ST. THOMAS — The Government of the Virgin Islands (GVI) won an important case levied against it by HESS Oil Virgin Islands Corp. (HOVIC) & Subsidiaries, accusing the government and the Bureau of Internal Revenue (BIR) of seeking to recover overpayments in income taxes to the BIR.
According to the opinion, in April 2011, HOVIC filed amended tax returns for 2006 and 2007, seeking a total refund of approximately $84 million based on a carryback of tax losses incurred in the 2008 and 2009 years. HOVIC filed one tax refund claim for 2006, and two claims for 2007, however BIR denied all of the claims.
HOVIC filed its action on December 24, 2014, and the GVI filed a motion to dismiss the complaint on March 16, 2015. HOVIC then moved to filed a motion to stay the proceedings, along with an opposition to the motion to dismiss, on April 2, 2015.
But the United States Southern Court District of New York, where the case was heard, sided with the GVI’s argument that the suit should be heard in the territory, opining that Virgin Islands does not qualify as “the United States” in this particular tax-related matter, as the territory, like Guam, Puerto Rico and others, remains an unincorporated property of the United States, with a “unique taxation scheme.”

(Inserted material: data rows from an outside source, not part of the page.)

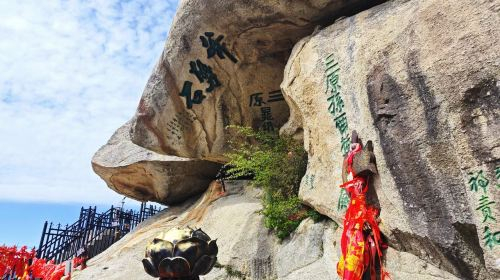Huashan one-day tour including admission ticket, cable car, transportation, family tour, free lunch, climbing gloves, and water belt Day Tours Ph0PBfTO
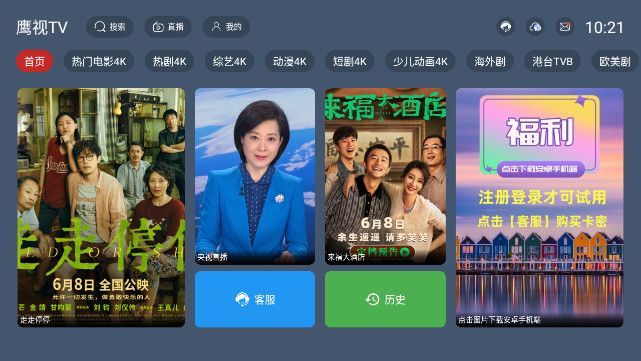 ӥtv°  v8.8.8ͼ2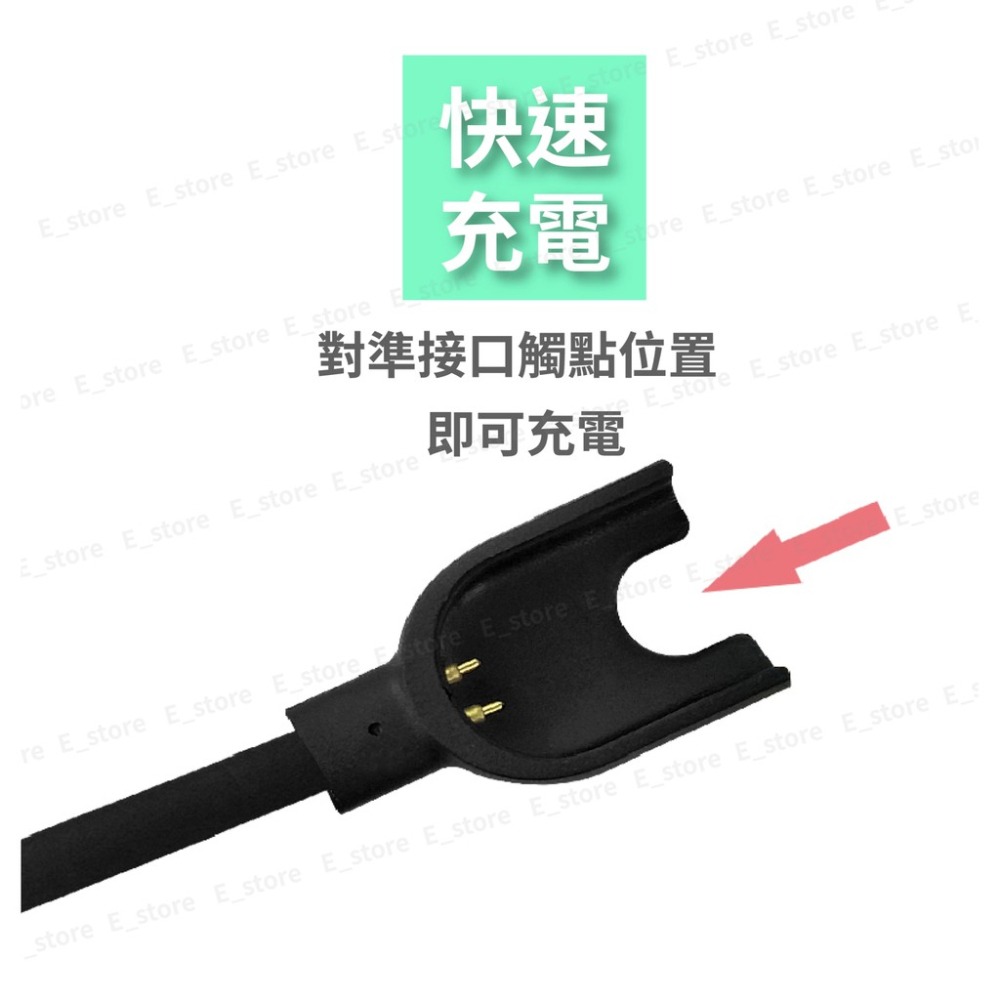 【現貨免運】小米手環 免拆充電線充電夾 適用小米手環7 小米3 小米4 小米5 小米6 小米7 充電線 小米手環充電線-細節圖3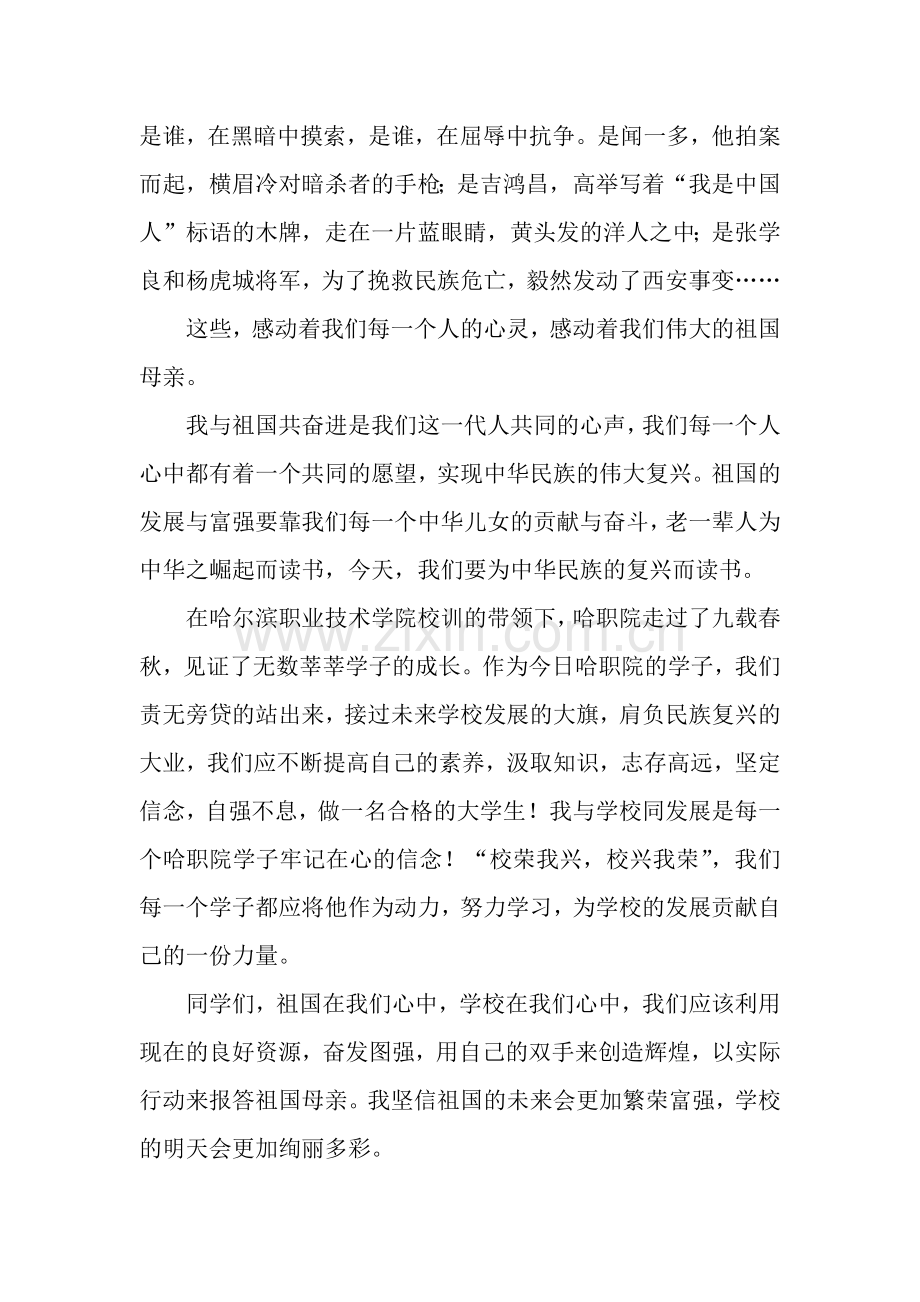 回眸历史-振我中华.docx_第2页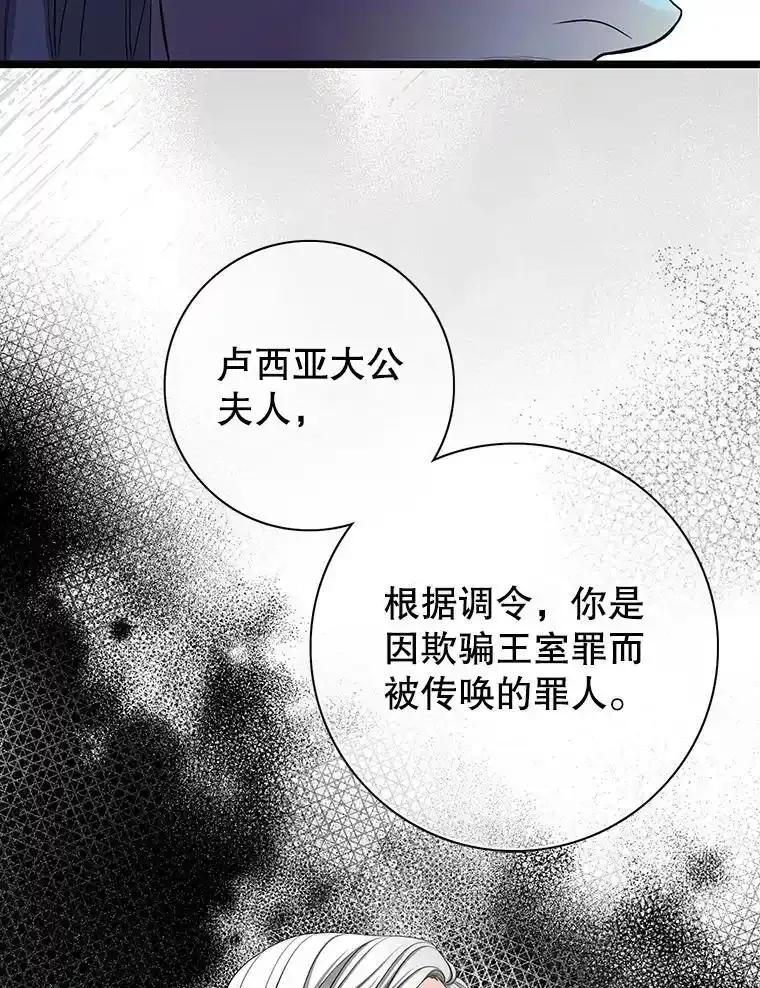 《第8位契约新娘》80.危机四伏 第12页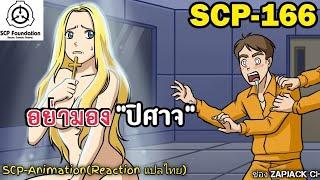 บอกเล่า SCP-166  "อย่ามอง"ปิศาจ #366 ช่อง ZAPJACK CH Reaction แปลไทย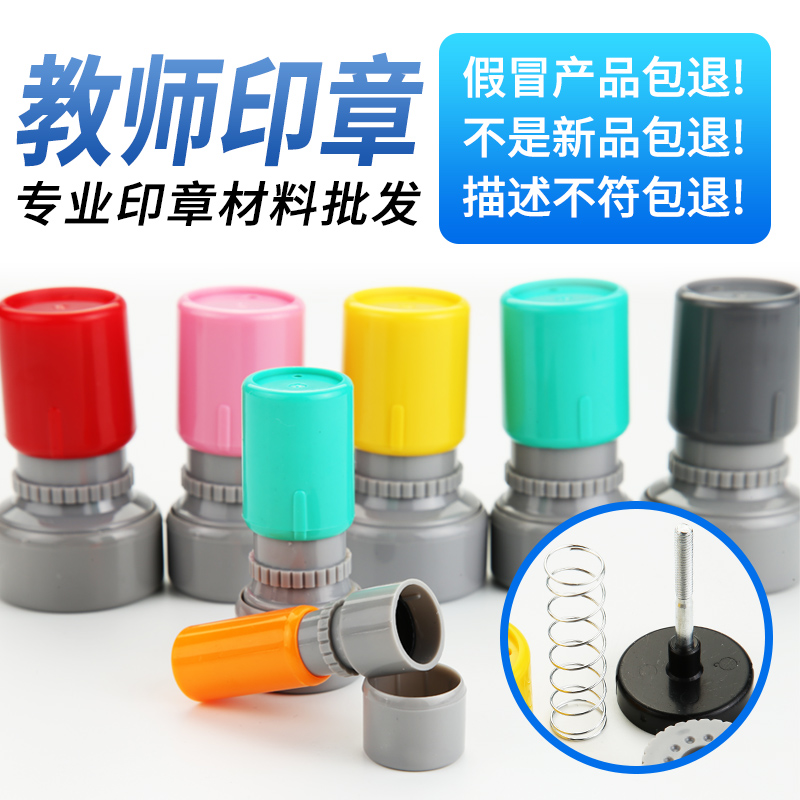 HA23 Photosensitive Seal Wholesale Cartoon Teacher Appraisal seal Material Wholesale QC Detection of Qualified Chapter Material Wholesale-Taobao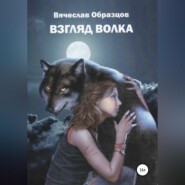 бесплатно читать книгу Взгляд волка автора Вячеслав Образцов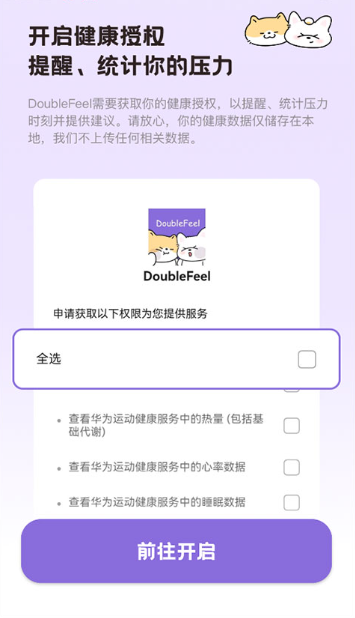 doublefeel安卓版 doublefeel安卓版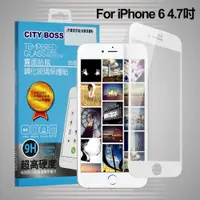 在飛比找松果購物優惠-CITYBOSS for iPhone 6s /iPhone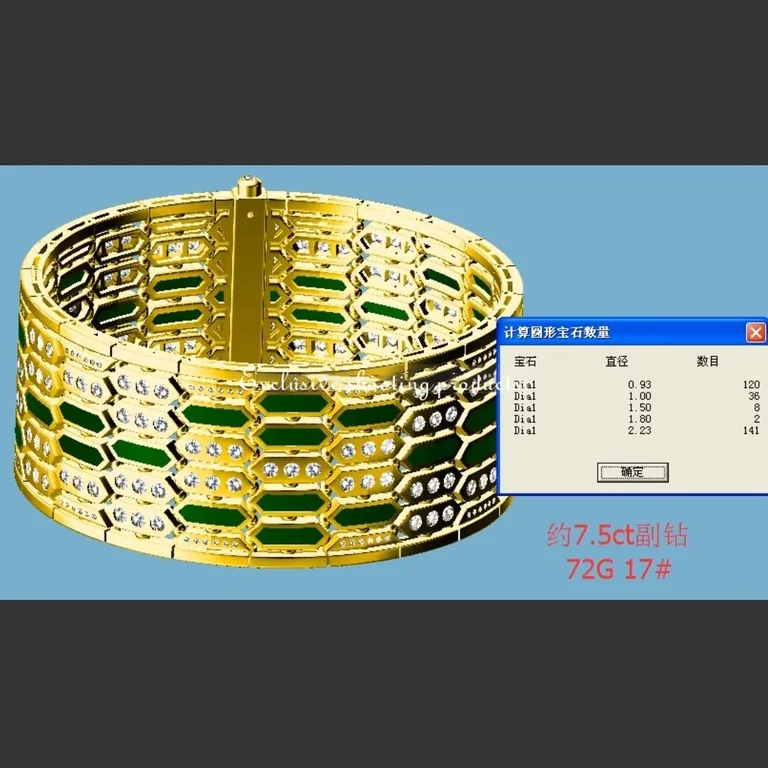 Bulgari BR857771 Serpenti Seduttori Pink gold and malachite pavé diamond bracelet 2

In responding to the victory, Governor Kenneth Mapp said he was elated by the news, and that he would continue to fight for residents of the territory.
“I will continue to fight on behalf of the people of the Virgin Islands and for the Territory’s best interests,” he said.
The GVI had sought dismissal of the HOVIC action on four grounds: lack of subject matter jurisdiction, lack of personal jurisdiction, lack of venue, and forum non conveniens, according to the opinion. However, because the Court concluded that it lacks subject matter jurisdiction, it did not reach the remaining grounds for dismissal.